İlginç olan bir diğer nokta, basın aleminde bu meseleye dair konuşmaktan itinayla kaçınılıyor olmasıdır. Birçok meselede oynatılan kalemler tutuk, diller yutulmuş gibi tutum sergilenmektedir.

Oysa siyasette her fırsatta şikâyet mevzuu olan faiz sarmalının mimarları, Cumhuriyet’in kuruluşundan bu yana milletin cebine ve emeğine musallat olmuş belaların en çetini, en çetrefillisidir. 

Cumhurbaşkanı Erdoğan’ın geçtiğimiz yıl üst üste gelen ekonomik saldırılar sırasında dikkat çektiği nitelikli dolandırıcılar vatan haini olarak işaret edilirken, son on beş yılda ellerindeki sermayeyi kat be kat artıran bu zümredir. Bugün finans sektöründe faiz haramiliğini bankacılık kanunlarıyla meşrulaştırdığını zanneden bu zümre, liberal demokrasinin kazığıdır. Bu kazığı toprağımıza çakan sermaye kaçakçılarıyla hesaplaşmak kaçınılmaz olacaktır.

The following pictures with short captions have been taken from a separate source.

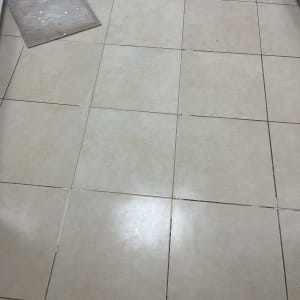 רצפת אריחים עם אריח אחד מונח בצד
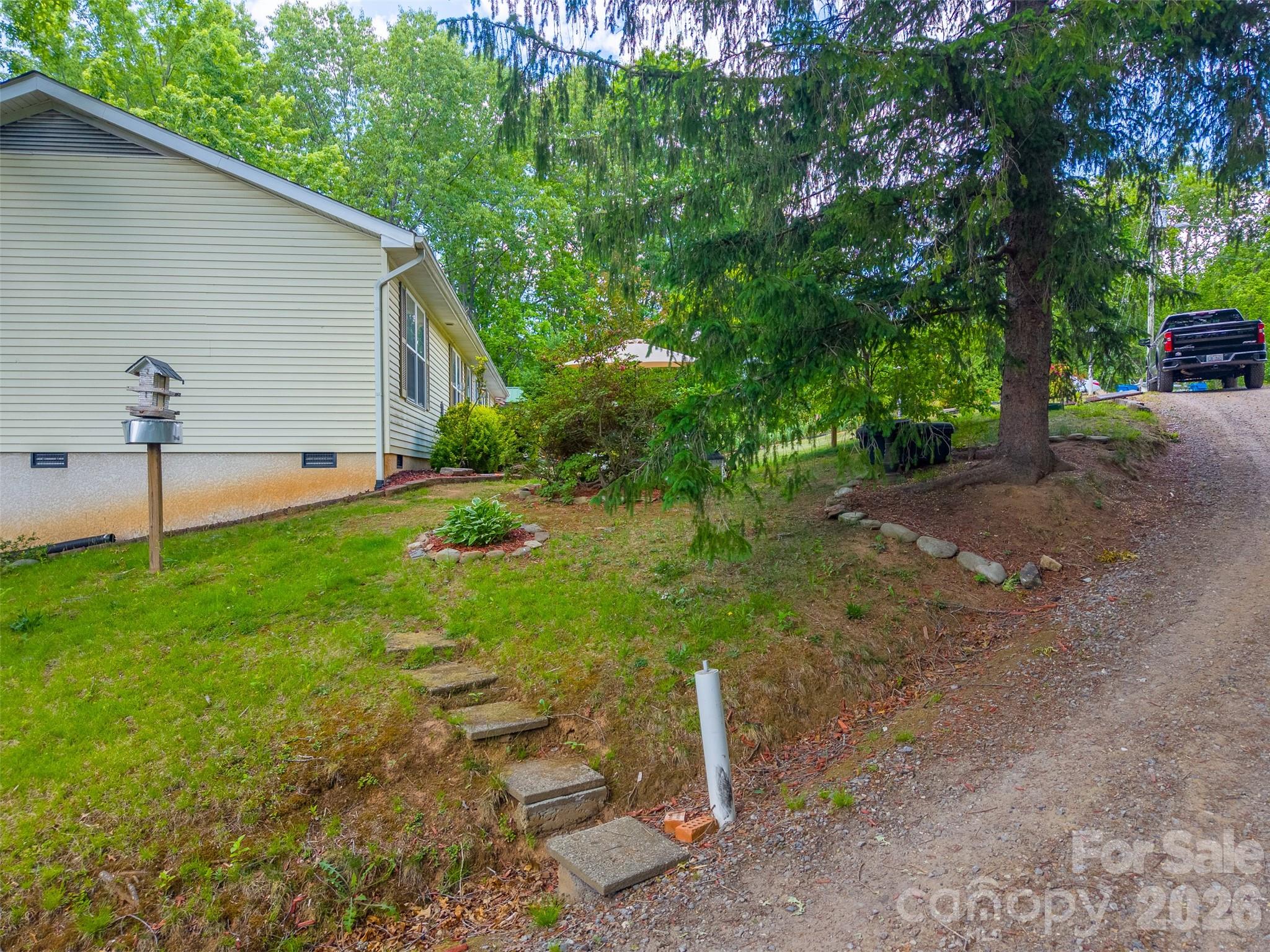 90, 60 & 132 Hennessee Street — Clyde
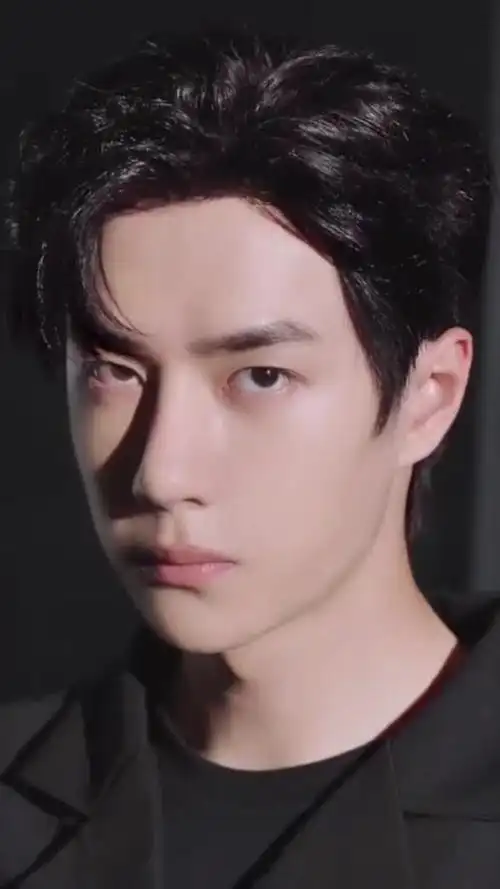 王一博一身黑衣的舞者王一博也太绝了!帅哥就要怼脸拍!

Dergimizin 626. sayısının kapağında, son derece ehemmiyetli olmasına mukabil kimse tarafından görülmeyen bu meseleyi taşırken manşetimizde “Kaçanlar... Kaçıranlar...” dedik.Kapak mevzumuzu “Devlet, Öküz ve Söğüş” başlıklı yazısında işleyen Ömer Emre Akcebe, devletin bütün imkânlarını seferber etmek suretiyle senelerdir beslediği ve semirttiği sermeyenin memleketten kaçmadığını, kaçırmanın yeni yollarını aradığını ele alırken, bir diğer taraftan ise gençliğin bu ülkeden kaçmak için niçin sıraya girdiği hususundan bahsediyor. 

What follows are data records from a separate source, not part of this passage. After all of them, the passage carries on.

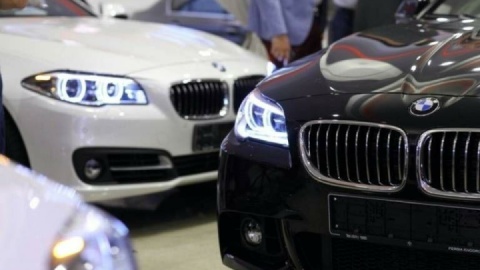 سهمیه بنزین خودروهای خارجی با موتور بالای ۱۳۰۰ سی‌سی حذف شد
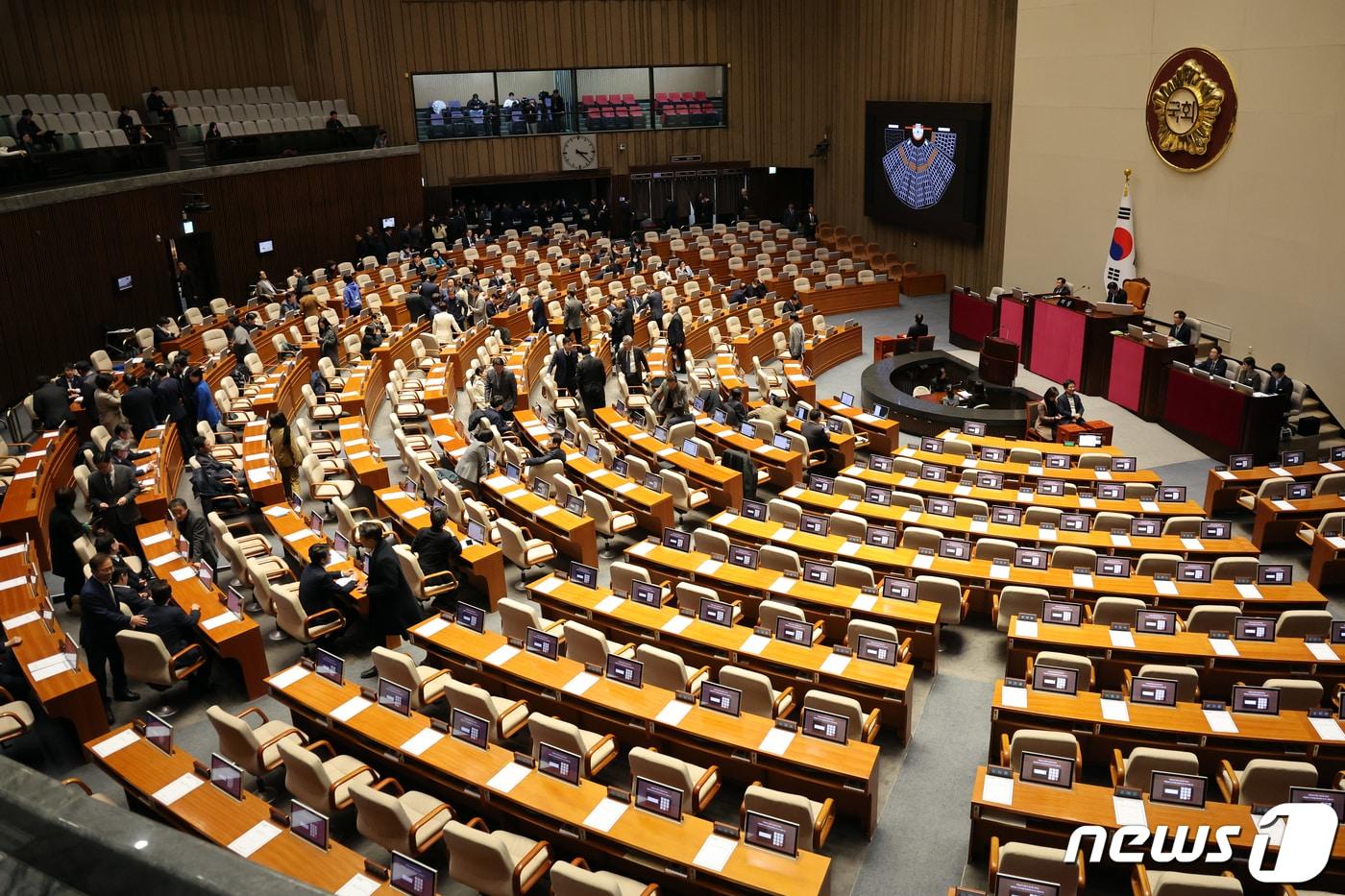 1일 오후 서울 여의도 국회 본회의장에서 열린 제410회 국회&#40;정기회&#41; 제13차 본회의에서 손준성·이정섭 검사 탄핵소추안 투표가 국민의힘이 불참한 가운데 진행되고 있다. /뉴스1 ⓒ News1 황기선 기자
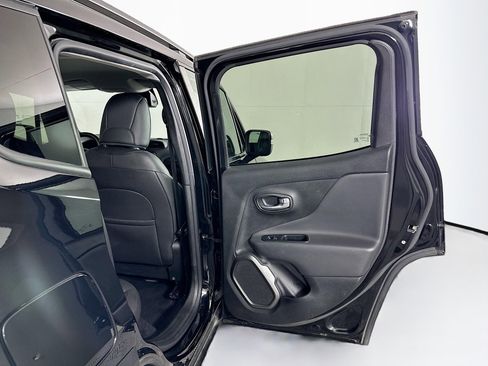 Used 2019 Jeep Renegade Limited image 28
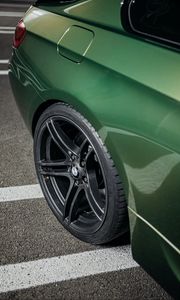 Preview wallpaper bmw, car, green, wheel
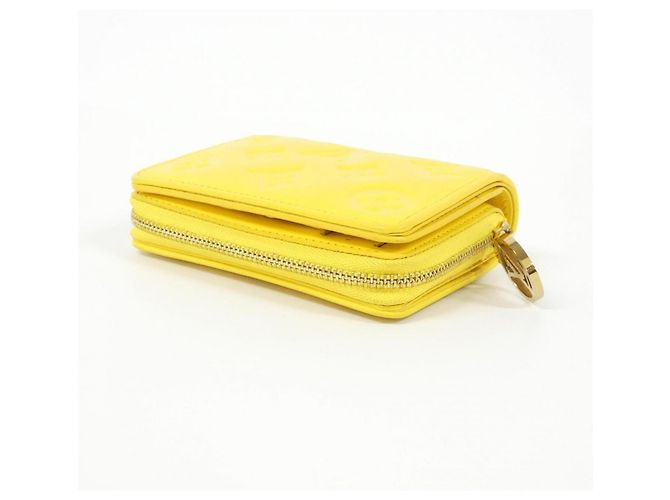 Cartera Lou Coussin Louis Vuitton Amarillo - vista 4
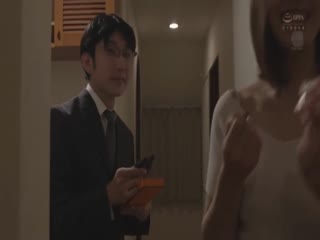 极近距离NTR 无法对没注意到我醒来还继续扭腰的妻子做什么 水野朝阳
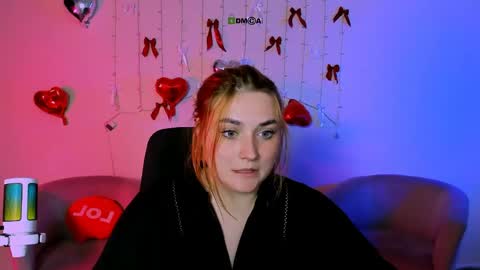 casey_meow_ online show from 05/19/26, 08:53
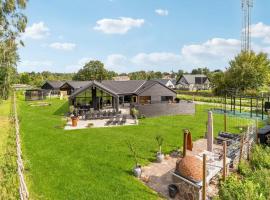 5 star holiday home in Dronningmølle, ξενοδοχείο σε Dronningmølle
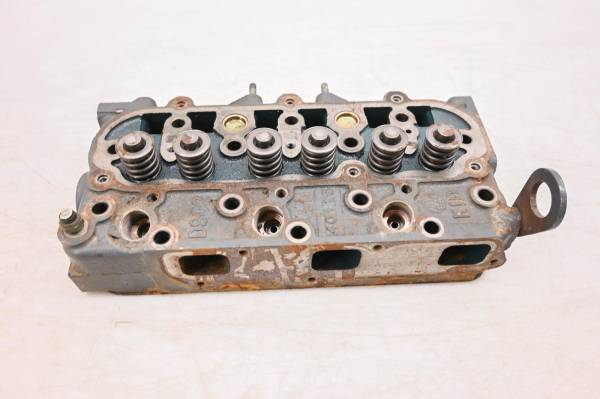 Kubota - 04 Kubota RTV900W Cylinder Head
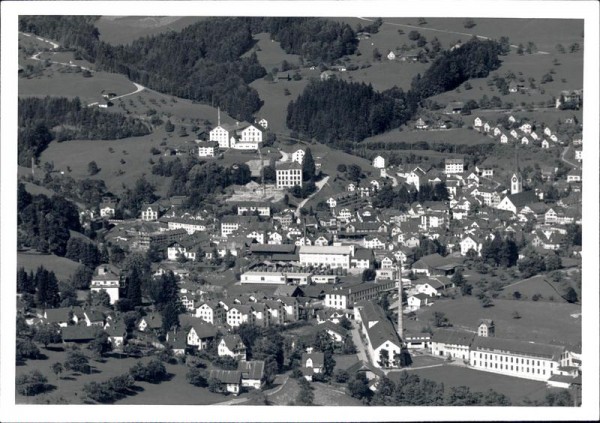 Wald ZH Vorderseite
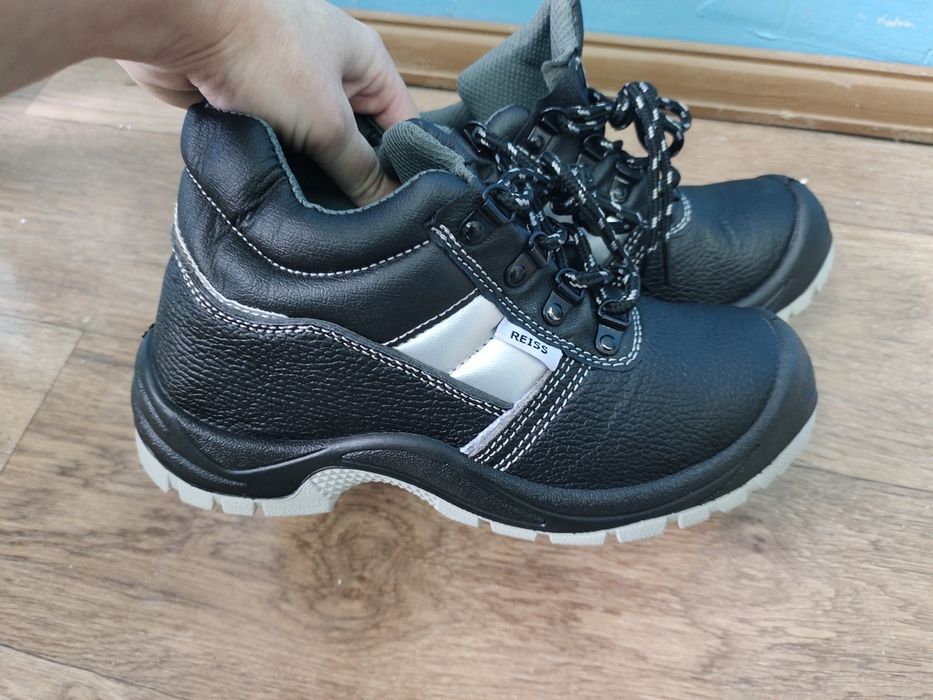 Продам новые спец.   ботинки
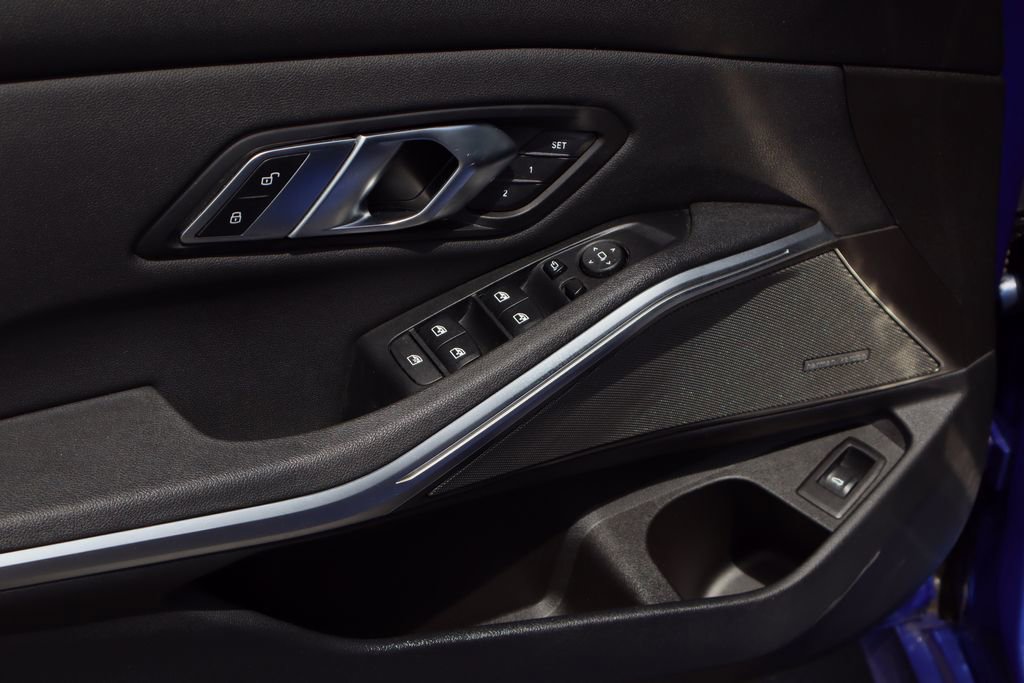 Used 2021 BMW M340i xDrive w/ Executive Package image 18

Yine kapak mevzumuz ile alakalı olarak Mahmut Çetin ile yapmış olduğumuz söyleşiyi dikkatinize sunuyoruz.

Kâzım Albay'ın “Dava Ahlâkı” üzerine kaleme aldığı yazısı fikir ve kadro, kadro ve toplum etrafında bazı hususlara temas ediyor.

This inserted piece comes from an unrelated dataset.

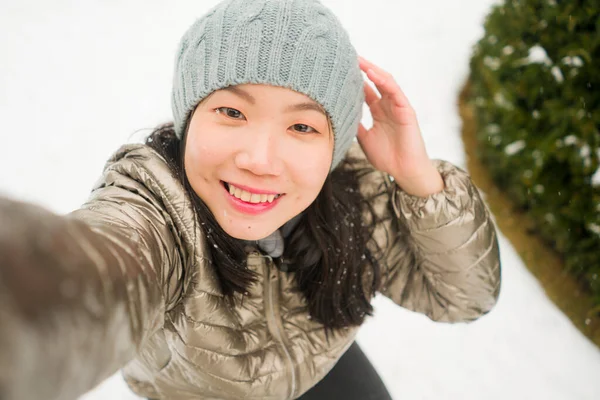 Winter Lifestyle Portret Van Jonge Gelukkig Mooi Aziatische Koreaanse Vrouw — Stockfoto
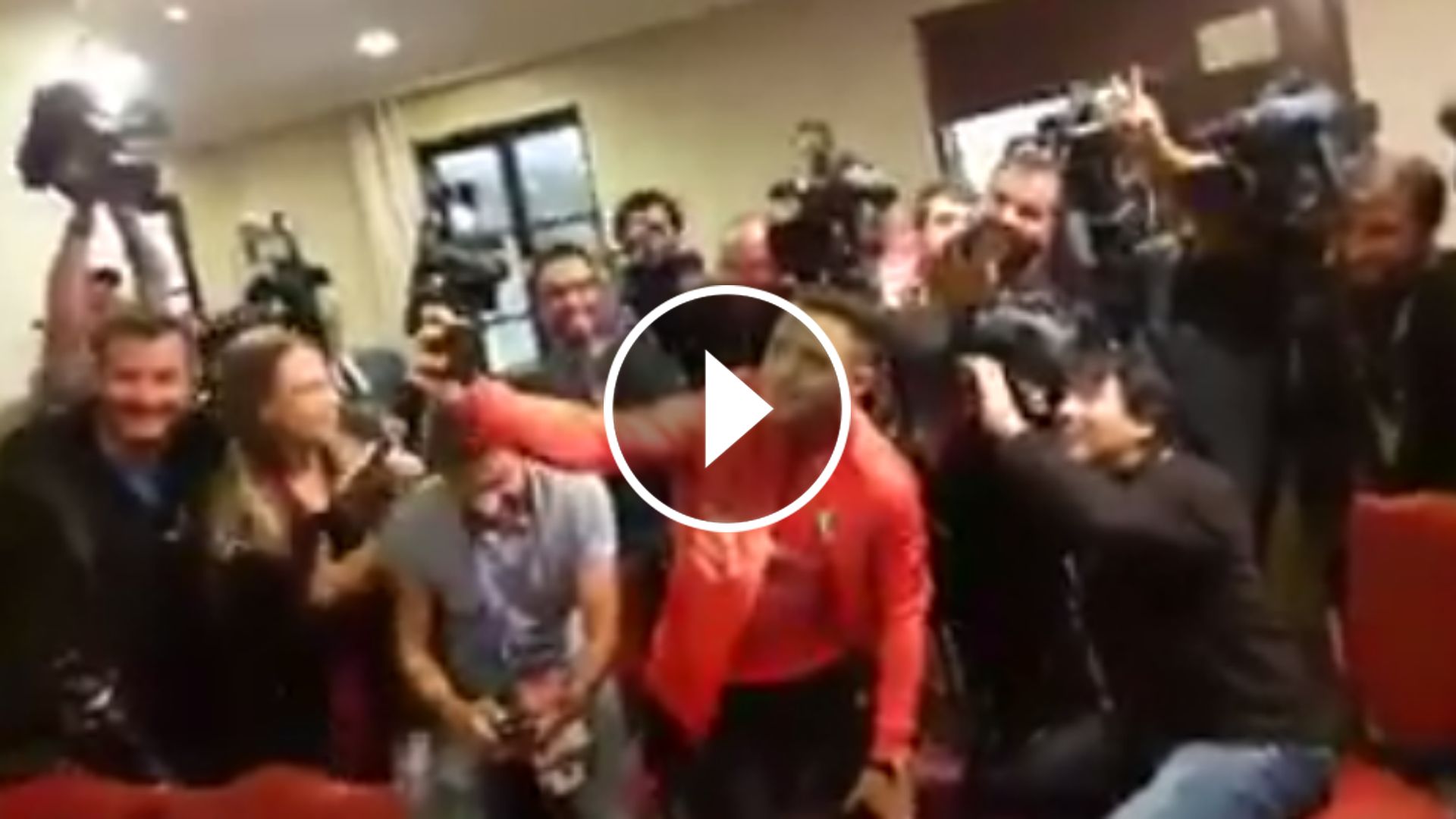 play Alexis, selfies con los periodistas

“Dava Bayrağı Dalgalanıyor” başlıklı yazısında Kerim Bozdağ, İbda hareketinin tarihi seyrinden önemli kesitler hatırlatıp davanın yürüdüğünden bahsediyor.

Haftanın akıllara durgunluk veren hadisesi, aile ve toplum hayatında eşine ender rastlanan Palu ailesi vakıası... Bu vakıa gündemin bir numaralı maddesi hâline geldi. Bu hadiseyi, Mütefekkir Salih Mirzabeyoğlu’nun Damlaya Damlaya adlı eserinde yer alan “ölümseverlik”le alâkalı bir bölümü iktibas yapmak suretiyle değerlendiriyoruz. 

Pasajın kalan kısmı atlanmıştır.